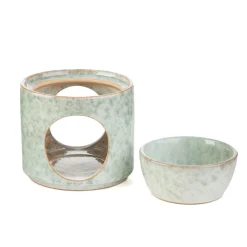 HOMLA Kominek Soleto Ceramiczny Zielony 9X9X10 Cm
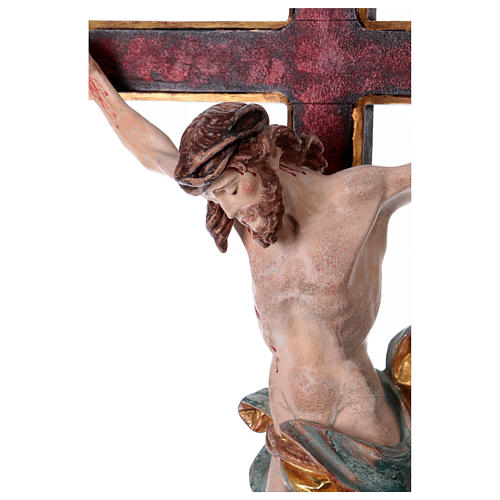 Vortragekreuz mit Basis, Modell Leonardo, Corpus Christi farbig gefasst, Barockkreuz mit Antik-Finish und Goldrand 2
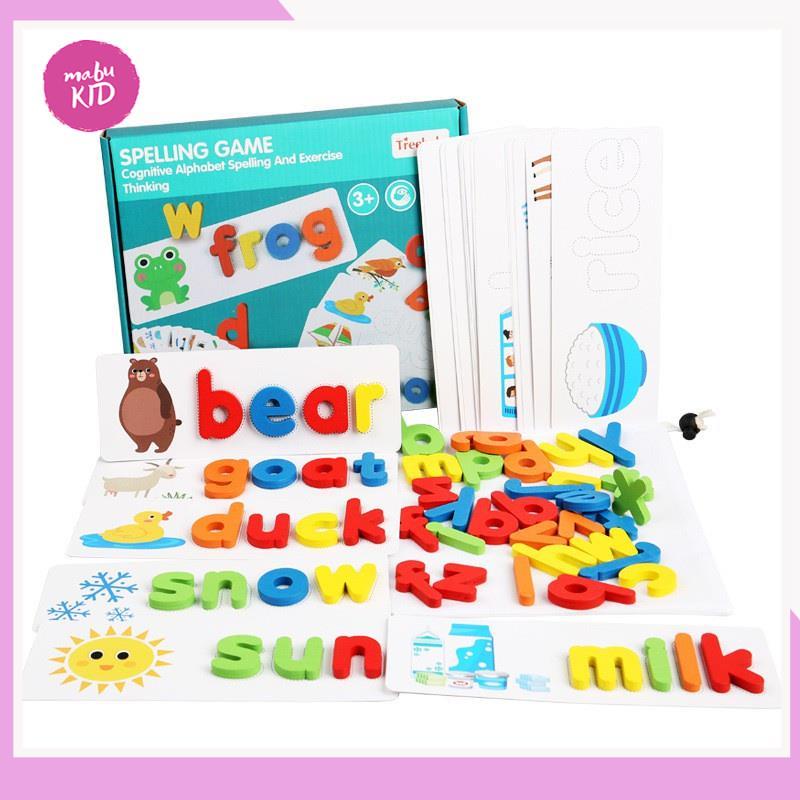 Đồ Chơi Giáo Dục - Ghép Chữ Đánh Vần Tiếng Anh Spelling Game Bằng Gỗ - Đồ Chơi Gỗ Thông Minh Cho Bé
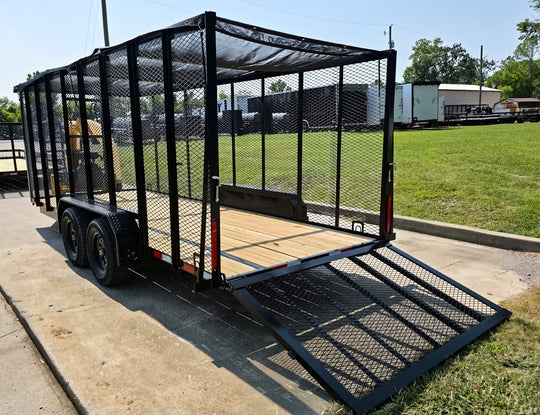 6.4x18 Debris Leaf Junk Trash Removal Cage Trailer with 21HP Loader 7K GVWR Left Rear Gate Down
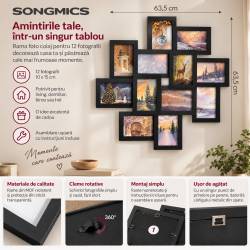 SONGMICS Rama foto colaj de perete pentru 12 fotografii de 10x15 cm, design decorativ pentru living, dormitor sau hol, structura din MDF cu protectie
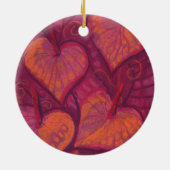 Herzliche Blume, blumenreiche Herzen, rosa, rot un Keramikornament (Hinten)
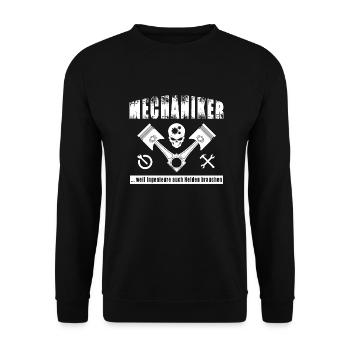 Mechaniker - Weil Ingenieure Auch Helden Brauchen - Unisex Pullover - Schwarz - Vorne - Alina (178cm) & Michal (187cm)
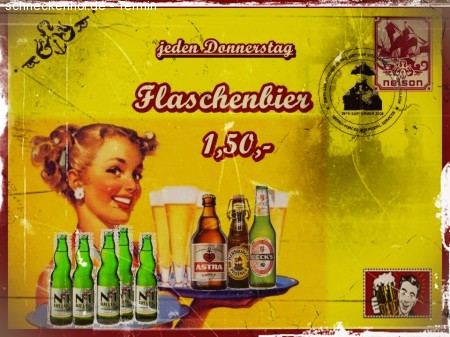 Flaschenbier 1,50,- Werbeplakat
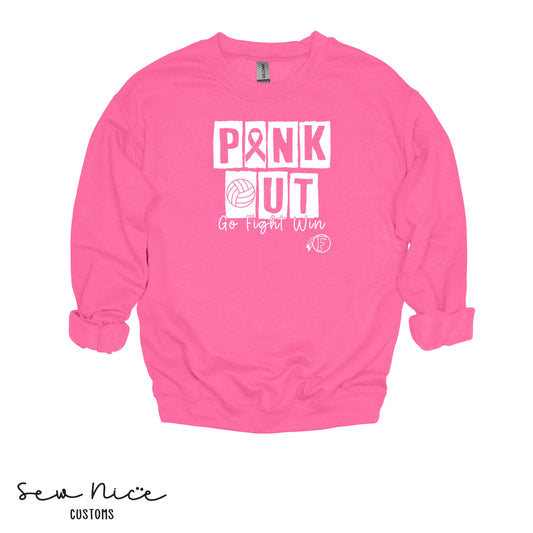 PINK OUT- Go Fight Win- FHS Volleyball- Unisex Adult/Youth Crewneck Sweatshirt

(Exercise): In the copy, include each line from the start of the material through the line with "Đồ Chơi Giáo", word for word, but none of the pictures.

(Answer area):
 HOMLA Kominek Soleto Ceramiczny Zielony 9X9X10 Cm
 Vortragekreuz mit Basis, Modell Leonardo, Corpus Christi farbig gefasst, Barockkreuz mit Antik-Finish und Goldrand 2
 Đồ Chơi Giáo Dục - Ghép Chữ Đánh Vần Tiếng Anh Spelling Game Bằng Gỗ - Đồ Chơi Gỗ Thông Minh Cho Bé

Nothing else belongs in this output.